Professeure en histoire de l’art, Martha Langford est directrice et titulaire de la chaire de l’Institut de recherche en art canadien Gail et Stephen Jarilowsky de l’Université Concordia, à Montréal. Ses publications sur la photographie comprennent Suspended Conversations: The Afterlife of Memory in Photographic Albums (2001), Scissors, Paper, Stone: Expressions of Memory in Contemporary Photographic Art (2007), A Cold War Tourist and His Camera (2011), coécrit avec John Langford, et la direction de l’ouvrage collectif Image & Imagination (Mois de la Photo à Montréal, 2005), tous parus chez McGill-Queen’s University Press. L’Institut de l’art canadien a publié en mars 2014 son livre numérique Michael Snow: Life and Work / Sa vie et son œuvre. speakingofphotography.concordia.ca

Un entretien avec Jacques Doyon

Jacques Doyon : Les universités et les musées proposent régulièrement des colloques et des cycles de conférences sur l’art, mais très peu d’entre eux concernent spécifiquement la photographie. Le seul programme qui me vienne à l’esprit, c’est la Kodak Lecture Series de l’Université Ryerson, à Toronto, qui achève sa trente-huitième année et qui vous a sans doute servi de modèle. Dans quel contexte la série Speaking of Photography est-elle née, et dans quel but ?

Martha Langford : Ce programme est né d’une conversation avec Robert Graham, un très bon ami, spécialiste de la photographie et généreux mécène des idées en art. J’enseignais depuis peu à l’Université Concordia, où j’espérais développer un ambitieux cursus en photographie. Robert a proposé de financer une série de conférences sur la photographie, sans y mettre aucune condition, et pour aussi longtemps que je le souhaitais. C’était parfait sur tous les plans : la liberté est toujours appréciable, mais un financement stable permet de tisser des liens avec des conférenciers potentiels et, plus encore, de développer un public. Au départ, je pensais simplement à nos étudiants. J’ai fait mon baccalauréat au Nova Scotia College of Art and Design je me réfère ici à une période très stimulante au NSCAD (j’ai obtenu mon diplôme en 1975), où le programme des artistes invités était célèbre à juste titre et je voulais offrir à mes étudiants l’occasion de rencontrer certains des chercheurs qui influençaient leur travail. Cela se voulait à la fois inspirant et instructif.

La série de conférences Kodak est une brillante réussite, mais elle est axée principalement sur les praticiens : c’est donc un projet très différent. Je n’y ai jamais pensé comme à un modèle, sauf peut-être sur un point. Lorsque j’y ai moi-même pris la parole en 1992, j’ai été présentée de façon extrêmement généreuse par un grand photographe très impliqué dans le milieu, Phil Bergerson. J’ai flotté jusqu’au podium ! Il y a donc un art de rendre véritablement hommage au parcours des conférenciers, à leur humanité. Speaking of Photography privilégie ainsi une atmosphère très chaleureuse, y compris – et surtout – à l’occasion d’un débat.
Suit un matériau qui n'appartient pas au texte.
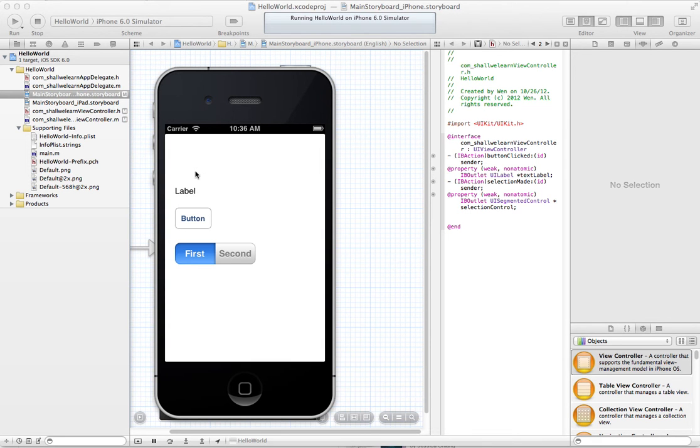This is the simple app and there are three widgets on the top. This is the text label, this is the button, and this is segmented control.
Il a beaucoup été question de la photographie vernaculaire et de la culture de l’imprimé : cartes postales, magazines, journaux illustrés. D’autres conférenciers ont parlé de la photographie indienne en studio, de la photographie spirite ou de la photographie de guerre.
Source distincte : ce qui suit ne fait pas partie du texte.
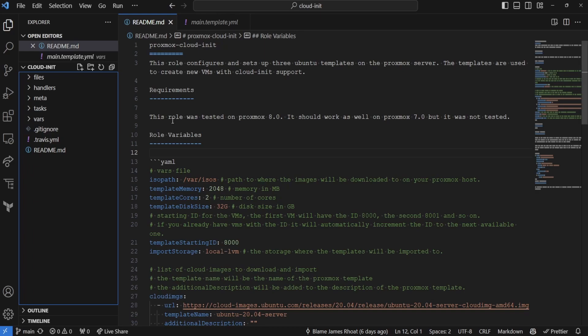As part of the Ansible role, we're actually going to be creating three Ubuntu templates. Now, this can be used to create other images or other templates based on cloud images, but I've not tested it. I know that I use Ubuntu on a regular basis, and it just makes it a lot easier for me to standardize my operating systems on a couple of key images. Now, in this video, I want to step through the Ansible role and tell you how I'm configuring my templates for my Proxmox host.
JD : J’aimerais que vous nous parliez de vos conférenciers et de l’éventail des sujets abordés. Y a-t-il des thèmes récurrents ou une structure préétablie chaque année pour la série ? Les conférences sont-elles plutôt inspirées par la recherche actuelle, des publications récentes ou la venue à Montréal d’intervenants étrangers ? Y a-t-il eu des moments marquants, des conférences dont vous êtes particulièrement fière ou qui ont eu un impact particulier ?

ML : Il a beaucoup été question de la photographie vernaculaire et de la culture de l’imprimé : cartes postales, magazines, journaux illustrés. D’autres conférenciers ont parlé de la photographie indienne en studio, de la photographie spirite ou de la photographie de guerre. Cela reflète notamment les intérêts de mes doctorants qui rédigent une histoire de la photographie très éloignée des standards européens ou américains. Dès la première année – comme permet de le voir le site Web créé à l’initiative d’Aurèle Parisien –, la variété et la qualité des interventions étaient évidentes. Je faisais lire à mes étudiants les analyses historiques de Mary Warner Marien, et voici qu’elle venait leur présenter le réalisme pré- et post-photographiques. Marianne Hirsch, qui travaille comme moi sur la mémoire, leur a parlé d’une image de ses parents réalisée par un photographe de rue (je pense à cette conférence car j’écris actuellement sur une photographie de ma mère). Tous mes étudiants lisaient les écrits de Geoffrey Batchen sur la photographie vernaculaire. Il a donné une merveilleuse conférence sur la mémoire et le tactile pour Speaking of Photography. Le lendemain, il animait un séminaire de maîtrise, saisissant l’occasion pour interroger la catégorie du « vernaculaire ». C’était brillant, et un peu déconcertant pour ses admirateurs. La première année, la conférence de Rosemary Donegan attira également l’attention sur la photographie industrielle canadienne dans le cadre d’une culture visuelle du monde du travail. La conférence et le séminaire de John O’Brian sur les cartes postales nucléaires ouvraient les portes à l’expérience photographique ordinaire – une autre façon de banaliser le mal, humoristique et en même temps très troublante.

En y repensant, je suis moi-même surprise par l’ampleur de cette interdisciplinarité. Certains des meilleurs travaux proviennent de chercheurs inclassables. Elizabeth Edwards est-elle une historienne de la photographie ou une anthropologue visuelle ? Joan Schwartz explore-t-elle l’histoire ou la géographie ? Ces combinaisons et pollinisations croisées se conjuguent bien à l’écrit mais une conférence laisse parfois voir ses points d’articu­lation, suscitant ainsi une passionnante et mémorable période de questions quand un problème commence progressivement à s’éclaircir.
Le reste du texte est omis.